KRAMER CONTRE KRAMERSKY (reloaded)

La controverse sur l’ordre juridique européen se poursuit consécutivement à la décision K.3/21 du tribunal polonais devient un sujet d’experts.

  • Selon Piotr Buras, journaliste et expert en politique européenne, cette décision est une tentative de présenter une prise de pouvoir autocratique comme une défense de la constitution démocratique.
  • Il est du même avis que le Président de la CJUE, Koen Lenaerts, pour dire que la défiance polonaise sur la primauté du droit européen n’a rien à voir avec la souveraineté nationale ou les droits des citoyens, elle est utilisée pour se soustraire à la règle  de  droit  et rejeter certaines valeurs fondamentales de l’Union.
  • Piotr Buras ajoute que l’essence du problème polonais n’est pas un différend sur la délimitation des compétences nationales et européennes mais qu’il s’agit de savoir si nous considérons l’UE comme un bloc différent d’une communauté de démocraties.
  • Sébastien Platon, professeur de droit public, confirme ce propos. Il explique que, même s’il existe depuis longtemps une tension entre deux principes contradictoires (la Constitution étant la norme suprême dans l’ordre interne des États, le droit de l’UE prévalant sur toute norme nationale dans l’ordre juridique de l’Union européenne), la compétence de l’UE sur la question polonaise ne fait pas de doute.

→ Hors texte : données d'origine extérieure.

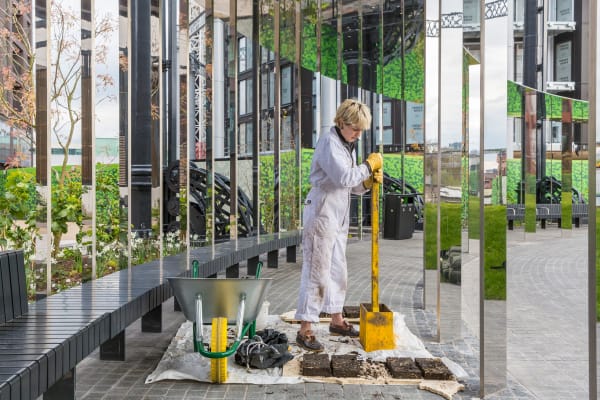 Woman making concrete blocks outside in a boiler suit standing in a mirrored walkway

L’éditorialiste du Financial Times, Gideon Rachman, élargit le point de vue. Il précise que la suprématie de l’UE est de plus  en plus  remise  en cause au niveau européen.

  • Selon lui, cela est dû au fait que l’UE a étendu ses pouvoirs à des aires politiques qui étaient le propre des États-nations telles que les frontières, le budget, la devise ou bien les droits civiques.
  • Ces vingt dernières années, l’Europe semble empêtrée dans un débat sur le meilleur emplacement de la souveraineté et du pouvoir : Bruxelles ou les États-nations ? Le Brexit étant considéré comme un échec, les États membres ne cherchent pas à quitter l’Union mais la question apparaît sous d’autres formes, comme par exemple avec le rejet de la Cour constitutionnelle allemande de l’autorité d’un arrêt de la CJUE en 2020, la primauté d’une obligation tirée de la Constitution française sur une règle de droit de l’Union européenne par le Conseil d’État français, ou bien la décision K3/21 du tribunal constitutionnel polonais.
  • Sébastien Platon fait toutefois remarquer, tout comme le professeur de droit européen Daniel Sarmiento (voir EIH 14/10), que cette dernière est différente des deux autres exemples car elle rejette un pan entier de la jurisprudence de la CJUE – jurisprudence qui plus est d’importance constitutionnelle car portant sur les valeurs de l’Union – et non pas un arrêt spécifique de la CJUE ou bien une décision spécifique d’une institution de l’Union européenne.
  • M. Rachman conclut : auparavant les luttes de pouvoir entre Bruxelles et les États membres étaient généralement résolues en faveur de Bruxelles, elles pourraient à présent être  résolues  en  faveur des États.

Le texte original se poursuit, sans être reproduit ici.